The record links to 1 condition, with Post Traumatic Stress Disorder appearing as the primary indexed condition, and to 2 interventions — of which Partnered Prolonged Exposure (PPE) is the first listed. Interventions can include drugs, devices, procedures, behavioral programs, or observational arms, and each is tracked as a separate registry field so that downstream queries can filter accurately. When a trial lists multiple interventions, it usually reflects a multi-arm design or a comparison protocol rather than a single treatment being tested in isolation. The brief summary published in the registry is the clearest source of protocol intent and should be read before drawing conclusions from any sidebar tags.
Geographic footprint matters for practical reasons: NCT06990191 reports 4 study locations spanning 4 distinct geographic areas — top geographies include Arizona, California, Minnesota. A larger site network tends to correlate with broader recruitment capacity, but it does not imply anything about study quality, and site-level enrollment status can diverge from the overall registry status shown above. Every data point on this page comes from the public ClinicalTrials.gov dataset and is reproduced here for reference only; it is not a medical recommendation, an endorsement of the sponsor, or an invitation to enroll. Verify current status, eligibility criteria, and contact details directly at ClinicalTrials.gov, and discuss any participation decision with your own healthcare provider.
Frequently Asked Questions
What is clinical trial NCT06990191 about?
NCT06990191 is a clinical study titled "A Hybrid 1 Effectiveness-Implementation Trial of Partner-Assisted Prolonged Exposure for PTSD". PTSD occurs in up to 17% of post-9/11 US Service Members and is associated with long-term functional impairment, family problems, unemployment, and suicidality. Trauma-focused therapies (TFTs), such as Prolonged Exposure (PE), result in significant relief for many. Yet, TFTs are not equally effectiv...

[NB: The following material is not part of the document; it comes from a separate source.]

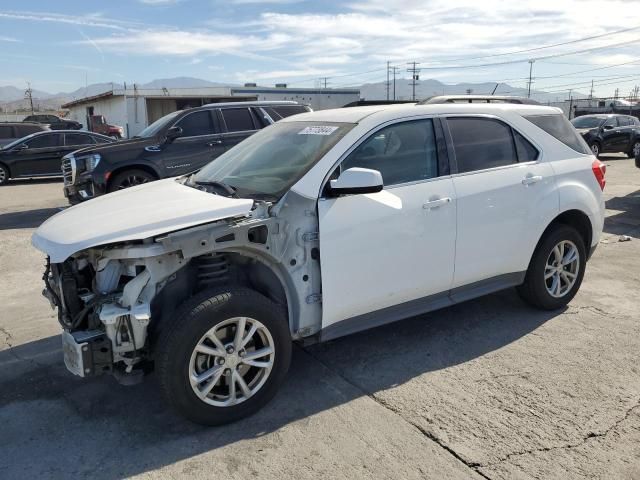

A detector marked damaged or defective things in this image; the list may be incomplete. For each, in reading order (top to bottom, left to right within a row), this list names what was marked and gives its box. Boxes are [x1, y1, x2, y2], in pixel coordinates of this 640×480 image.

cracked pavement [1, 158, 640, 480]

What is the current status of trial NCT06990191?
This trial is currently recruiting. It is a NA study. The enrollment target is 420 participants. The study started on 2025-05-16. Estimated completion is 2028-08-31.
What conditions does trial NCT06990191 study?
This clinical trial studies the following conditions: Post Traumatic Stress Disorder. These conditions were identified from the trial registry and reflect the primary focus areas of the research.
What interventions are being tested in trial NCT06990191?
The interventions under investigation include: Partnered Prolonged Exposure (PPE) (BEHAVIORAL), Prolonged Exposure (PE) (BEHAVIORAL). Each intervention is being evaluated for safety and efficacy as part of this clinical study.
Who is sponsoring clinical trial NCT06990191?
This trial is sponsored by United States Department of Defense, which has 4 total clinical trials registered on ClinicalTrials.gov. The sponsor is responsible for the study's design, funding, and regulatory compliance.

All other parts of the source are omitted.